Le Premier ministre a assuré mercredi que l'âge légal de départ à la retraite resterait fixé à 62 ans, mais il a aussi évoqué des "incitations" pour pousser les Français à rallonger leur carrière.
Dans son discours de politique générale, Edouard Philippe a confirmé que la réforme instaurant un système de retraite universel par points serait l'un des chantiers importants engagés dans les mois qui viennent, dans le prolongement de la présentation courant juillet des recommandations du haut-commissaire Jean-Paul Delevoye. Le gouvernement maintiendra "la possibilité d’un départ à 62 ans", a-t-il dit, mais les Français seront incités à travailler plus longtemps.

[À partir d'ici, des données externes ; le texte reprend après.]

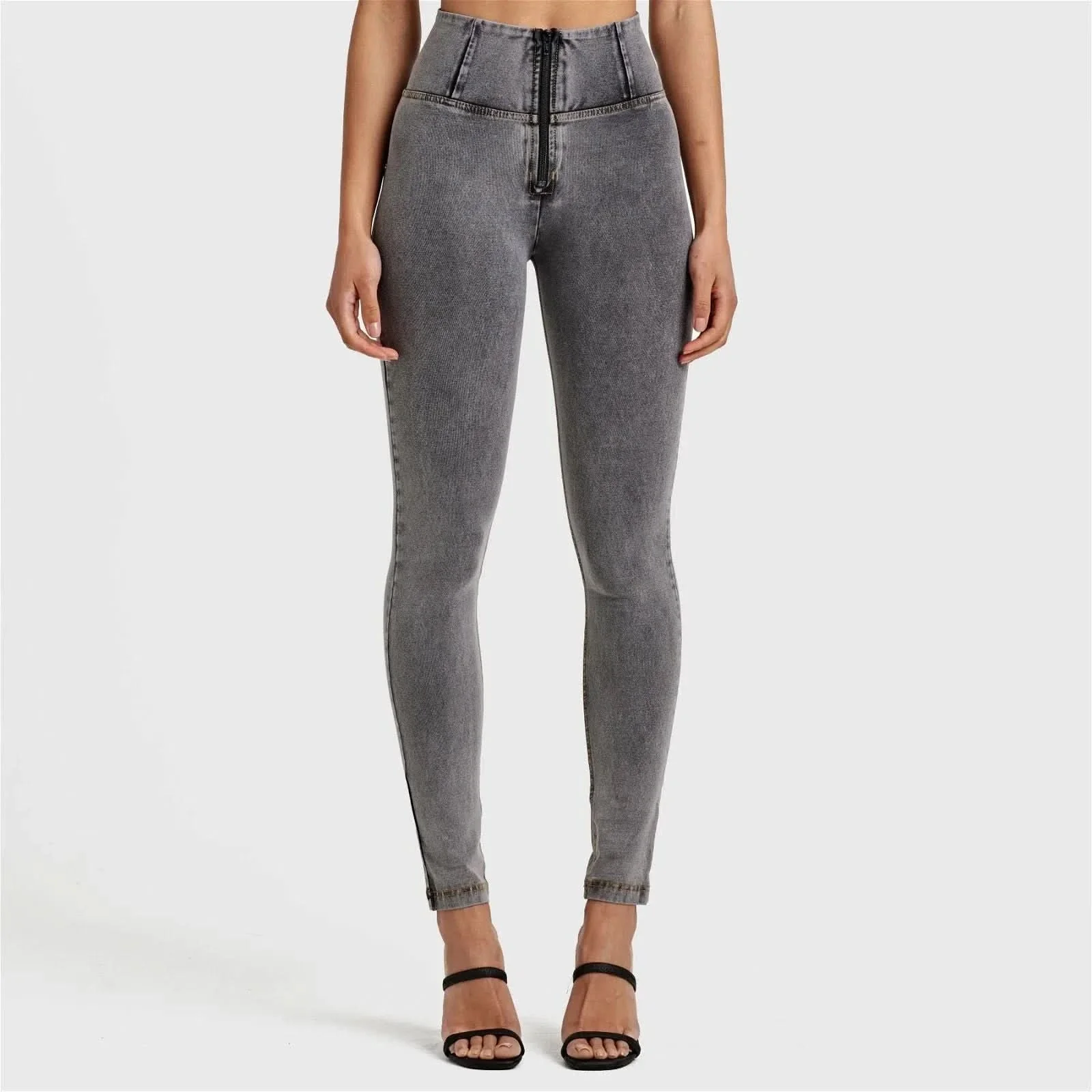 WRUP Denim - High Waisted - Full Length - Grey + Yellow Stitching - Image 7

Il faudra distinguer l'âge légal d'un âge d'équilibre qui sera, lui, plus élevé. 64 ans ? 65 ans ? Le gouvernement se garde bien pour l'instant de lâcher un chiffre, mais en employant cette expression "âge d'équilibre", le Premier ministre donne une indication : il s'agira d'identifier l'âge à partir duquel la masse des départs à la retraite ne grèvera pas l'équilibre du régime. Les actifs qui accepteront d'attendre cet âge-là pour prendre leur retraite seront avantagés. C'est "l'incitation" dont parle Edouard Philippe. En clair : leur pension sera majorée, elle se verra appliquer une surcote.
Y aura-t-il, à l'inverse une décote pour les salariés qui ne voudront pas différer leur départ, et qui exerceront leur droit à la retraite dès l'âge légal, c’est-à-dire 62 ans ? Le Premier ministre n'a pas évoqué ce schéma mercredi. Il faut dire que le sujet est sensible, même s'il y a un précédent : depuis le début de cette année, les retraites complémentaires sont soumises à un bonus-malus. Les salariés qui partent dès 62 ans se voient appliquer un abattement de 10% sur leur pension pendant les trois premières années.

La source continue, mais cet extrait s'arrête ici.